At this time of year the amount of daylight is getting less and my brief and rather unscientific research suggests that the Norse tradition of Yule marked the winter solstice – the day with least sunshine, which occurs around 21st or 22nd December in the Northern Hemisphere. Dec 25th was also when the Romans celebrated with a festival for one of their Gods, Saturn, (Saturnalia).

In our western culture, an eclectic mix of secular and sacred have, over the years, been fused together to form something else altogether – a bit like copper and tin making bronze.  Somehow The Roman good luck practice of using Holly and the Celtic Druids use of Mistletoe have found their way into the mix. The Druids seemed to be reflecting the ancient Greek practice of people kissing underneath mistletoe during weddings to symbolise peace and people coming together. Even the German tradition of candlelit Christmas trees, has its origin in symbolic use of evergreens in ancient Egypt and Rome. The giving of presents was part of Roman tradition too, as gifts were offered in worship of the God Saturn. It seems then that many of the traditions we associate with Christmas have their origin around two thousand years ago.

So here we are in the Christian season of Advent with Christmas on the horizon, and, as a believer, I am about to embark on a journey of stories and traditions, many of which have their origins in pagan celebrations.

Perhaps the Romans would have been aggrieved at their traditions being hijacked and trampled on, in just the same way that I felt a tad upset some years ago when the Post Office had a spell of not producing stamps with a religious image on them, and some local authorities banned the word Christmas, in an attempt to reflect a more inclusive and multi-cultural approach.

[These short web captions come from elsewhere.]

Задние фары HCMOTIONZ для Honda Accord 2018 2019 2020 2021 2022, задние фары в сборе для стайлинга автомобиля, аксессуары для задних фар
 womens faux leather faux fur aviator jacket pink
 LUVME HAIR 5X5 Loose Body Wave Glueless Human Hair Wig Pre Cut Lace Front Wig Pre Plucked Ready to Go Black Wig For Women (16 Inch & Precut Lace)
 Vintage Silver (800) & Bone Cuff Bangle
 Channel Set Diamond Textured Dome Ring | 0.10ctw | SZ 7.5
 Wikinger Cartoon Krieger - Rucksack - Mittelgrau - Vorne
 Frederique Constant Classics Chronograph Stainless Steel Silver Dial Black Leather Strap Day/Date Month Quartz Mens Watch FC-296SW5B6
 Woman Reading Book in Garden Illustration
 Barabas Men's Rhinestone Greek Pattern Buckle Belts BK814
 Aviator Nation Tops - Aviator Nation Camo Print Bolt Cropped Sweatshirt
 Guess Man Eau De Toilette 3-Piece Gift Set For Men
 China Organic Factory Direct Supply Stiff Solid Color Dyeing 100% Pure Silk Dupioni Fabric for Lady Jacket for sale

To be honest, I’m way more accepting now of differing traditions than I used to be when I was younger. Issues are no longer as black and white. Yes, I’m uncomfortable with some of the excesses of this season, but it’s good to mark these celebrations in some way. Cultural traditions, beliefs and expressions change over time. Each generation may adapt things from earlier practices. So I don’t expect everyone to align with all the things that I might believe in, just as I might not align with theirs. Surely, a measure of mutual acceptance of the differing stories is more likely to bring peace on Earth than haggling about whether celebrations should be secular or sacred.

So despite it being an enjoyable film, it wasn’t Charles Dickens or the Victorians who invented all of our western Christmas traditions after all. Perhaps they just pinched ideas from the Romans and the Druids and forged them into a new narrative for Christmas.